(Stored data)
########################################

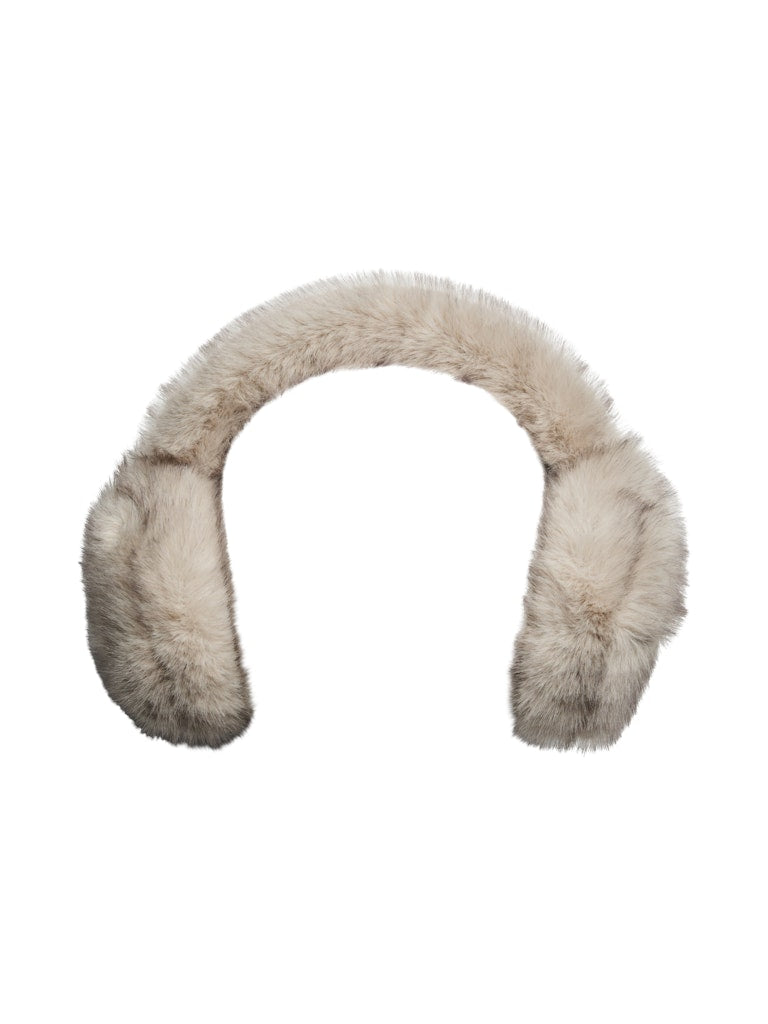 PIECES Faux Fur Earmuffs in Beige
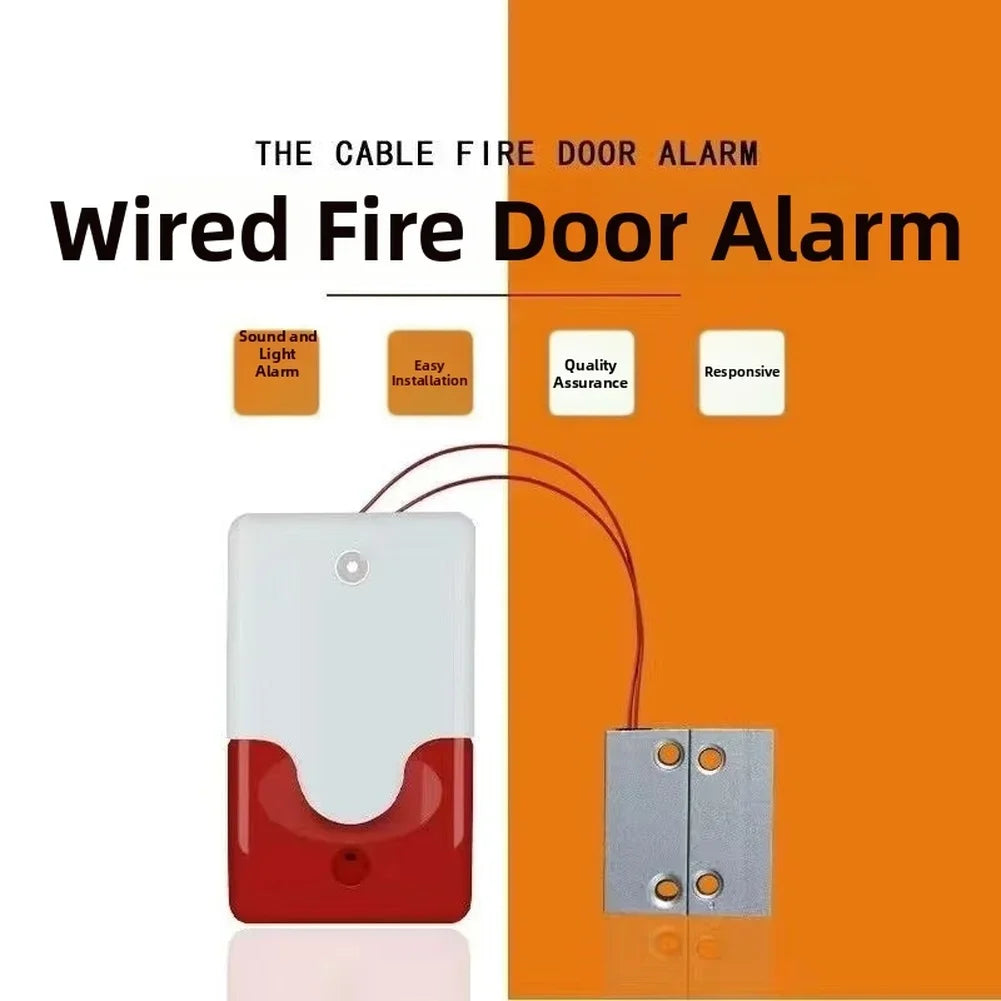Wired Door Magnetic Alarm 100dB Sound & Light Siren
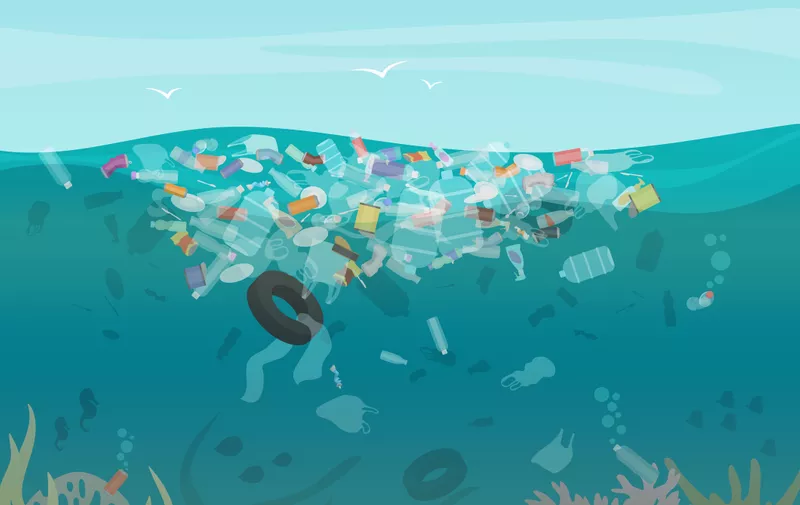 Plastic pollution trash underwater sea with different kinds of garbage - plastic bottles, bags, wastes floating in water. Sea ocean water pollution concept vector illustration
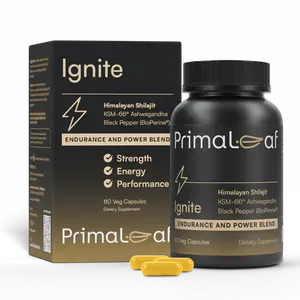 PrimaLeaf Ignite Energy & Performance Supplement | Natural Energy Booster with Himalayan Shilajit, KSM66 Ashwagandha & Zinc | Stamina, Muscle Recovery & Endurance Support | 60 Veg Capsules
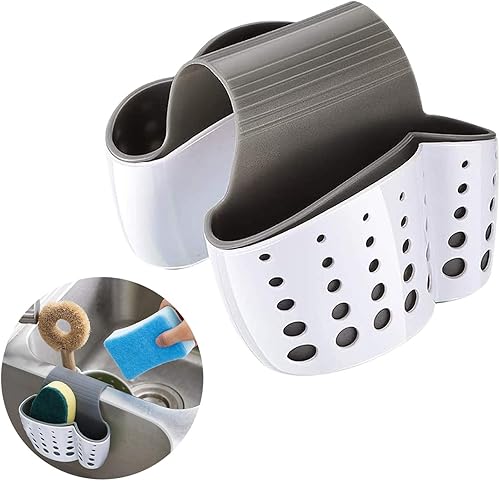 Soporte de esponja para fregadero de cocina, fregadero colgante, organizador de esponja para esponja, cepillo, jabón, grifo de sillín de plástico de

########################################

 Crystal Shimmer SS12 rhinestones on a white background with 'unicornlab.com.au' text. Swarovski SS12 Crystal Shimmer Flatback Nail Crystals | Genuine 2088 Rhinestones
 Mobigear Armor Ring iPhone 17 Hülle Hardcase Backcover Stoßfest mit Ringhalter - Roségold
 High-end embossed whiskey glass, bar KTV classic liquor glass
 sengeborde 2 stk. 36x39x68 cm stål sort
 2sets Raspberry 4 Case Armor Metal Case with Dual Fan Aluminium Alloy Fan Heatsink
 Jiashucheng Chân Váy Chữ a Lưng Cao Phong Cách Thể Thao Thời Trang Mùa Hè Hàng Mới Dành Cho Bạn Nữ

########################################

_Exercise description:_ Return only the part above that opens with the line containing "PIECES Faux Fur Earmuffs in Beige" and closes with the line containing "Soporte de esponja", exactly and with both ends, skipping the pictures.

_Exercise answer:_
 PIECES Faux Fur Earmuffs in Beige
Wired Door Magnetic Alarm 100dB Sound & Light Siren
 Plastic pollution trash underwater sea with different kinds of garbage - plastic bottles, bags, wastes floating in water. Sea ocean water pollution concept vector illustration
 PrimaLeaf Ignite Energy & Performance Supplement | Natural Energy Booster with Himalayan Shilajit, KSM66 Ashwagandha & Zinc | Stamina, Muscle Recovery & Endurance Support | 60 Veg Capsules
 Soporte de esponja para fregadero de cocina, fregadero colgante, organizador de esponja para esponja, cepillo, jabón, grifo de sillín de plástico de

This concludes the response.